Mets deal Kazmir, other prospects
NEW YORK -- Pitchers Kris Benson and Victor Zambrano were traded to the New York Mets on Friday, boosting a rotation that had relied all season on three aging starters.
A day before the non-waiver trading deadline, the Mets got busy in a big way -- and took a huge gamble.
To get Zambrano and minor league pitcher Bartolome Fortunato from Tampa Bay, the Mets sent their best pitching prospect -- Scott Kazmir -- and minor league pitcher Jose Diaz to the Devil Rays.
"In my new home, they're waiting for me," Zambrano said before the Devil Rays hosted Toronto. "I'm just going to go and do my 200 percent I can do there. I'll be happy to go there."
"All I can say, I appreciate the opportunity that they gave me. I'm just waiting to get to New York," he said.
Devil Rays GM Chuck Lamar told ESPN Radio Friday night that he lamented giving up Zambrano, but felt Kazmir was too good to pass up.
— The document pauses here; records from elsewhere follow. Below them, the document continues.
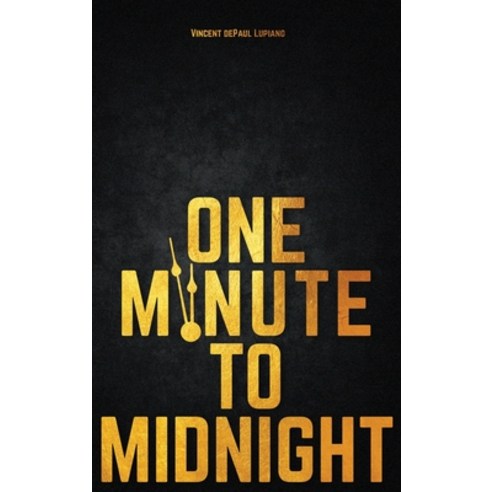 One Minute to Midnight Hardcover, Armin Lear Press LLC, English, 9781735617435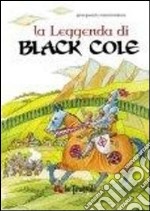 La leggenda di Black Cole. Ediz. illustrata libro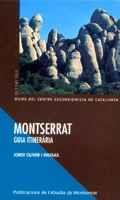 MONTSERRAT GUIA ITINERARIA | 9788484154693 | OLIVER | Llibres Parcir | Librería Parcir | Librería online de Manresa | Comprar libros en catalán y castellano online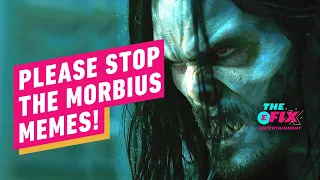 Why These Morbius Memes Need to Stop... Right Now - IGN The Fix: Entertainment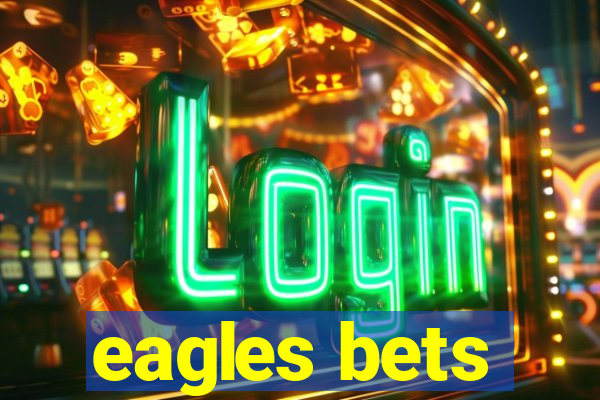 eagles bets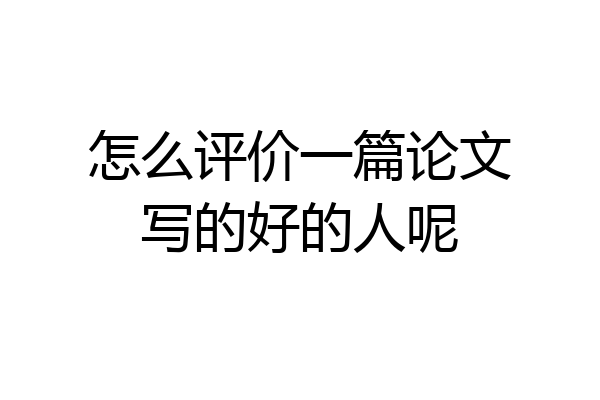 怎么评价一篇论文写的好的人呢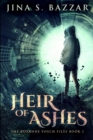 Heir of Ashes - Roxanne Fosch Files Book 1 - Book
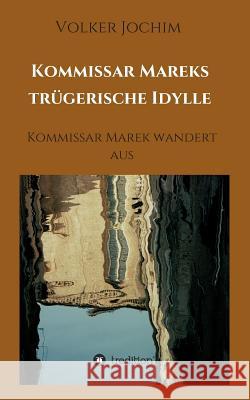 Kommissar Mareks trügerische Idylle Volker Jochim 9783734518577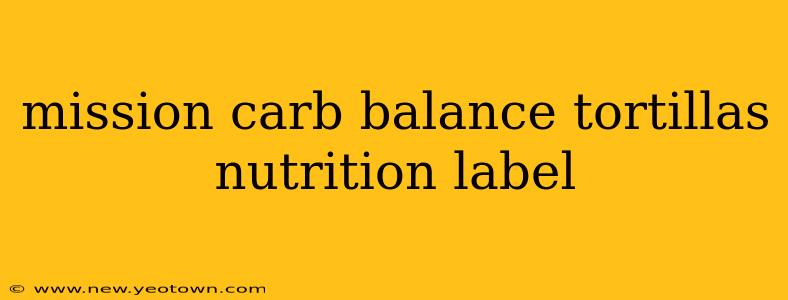 mission carb balance tortillas nutrition label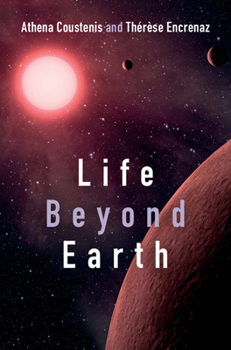 Hardcover Life Beyond Earth: The Search for Habitable Worlds in the Universe Book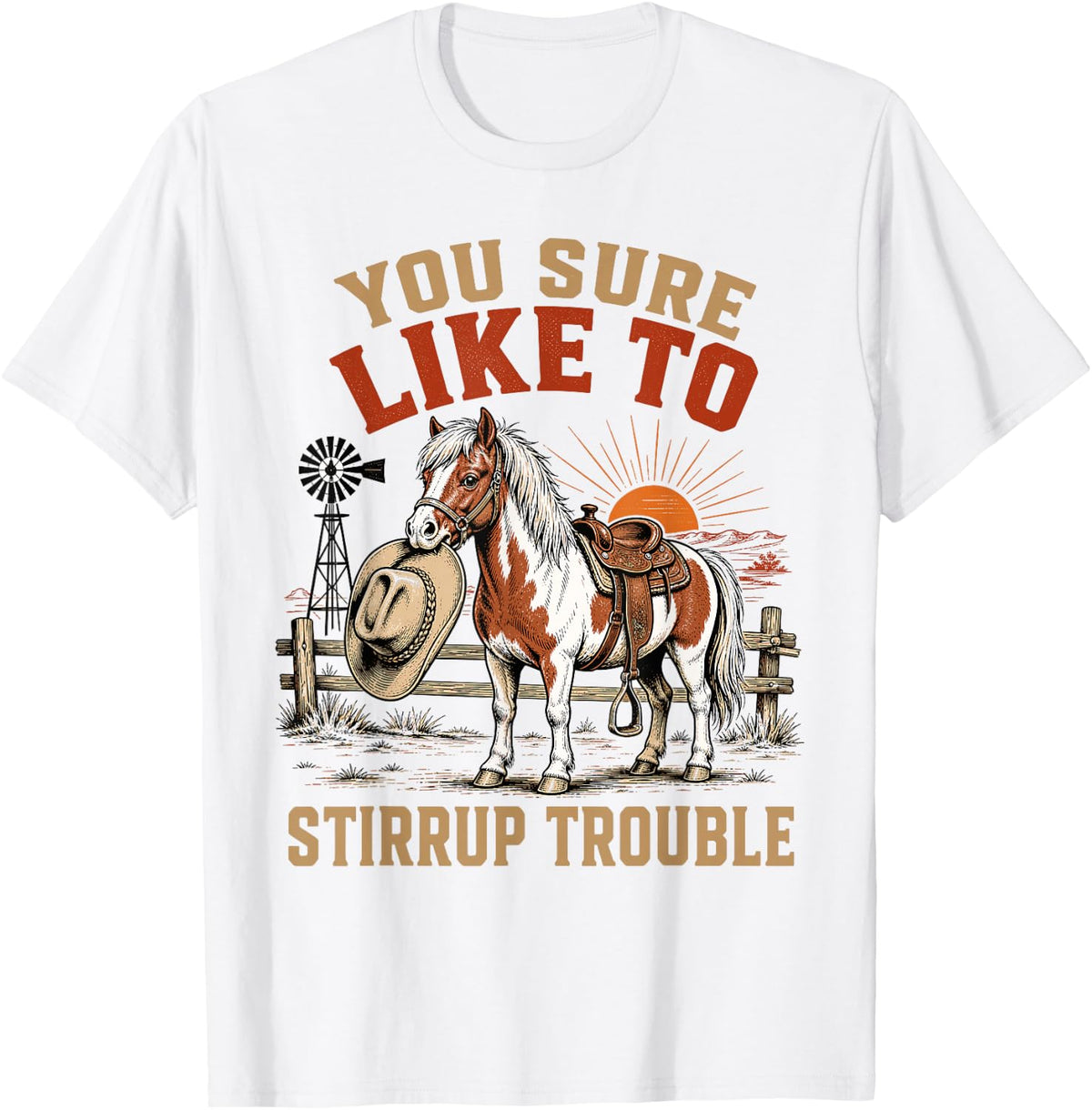 You Sure Like to Stirrup Trouble Horse T-Shirt - White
"It was a good trade for us, and I think it was a heck of a trade for the New York Mets," Lamar said. "Victor Zambrano has been here a long time. ... You hate to give him up but we've spent a lot of time and effort and money of getting a nucleus of our young position players. We knew this day was coming that we needed to start getting our hands on some pitching that can truly beat the Red Sox and Yankees in this division, and we think Scott Kazmir has that kind of ability."
For Benson, eligible for free agency after this season, and minor league infielder Jeff Keppinger, the Mets traded infielder Ty Wigginton, highly touted minor league pitcher Matt Peterson and infielder Jose Bautista to the Pirates. The Mets got Bautista earlier in the day from Kansas City for minor league catcher Justin Huber.
"It's kind of a relief just to get it over with. It's been a tough day," Benson said before the Pirates played at Miller Park. "If there was a team I'd be excited to go to, it would be them.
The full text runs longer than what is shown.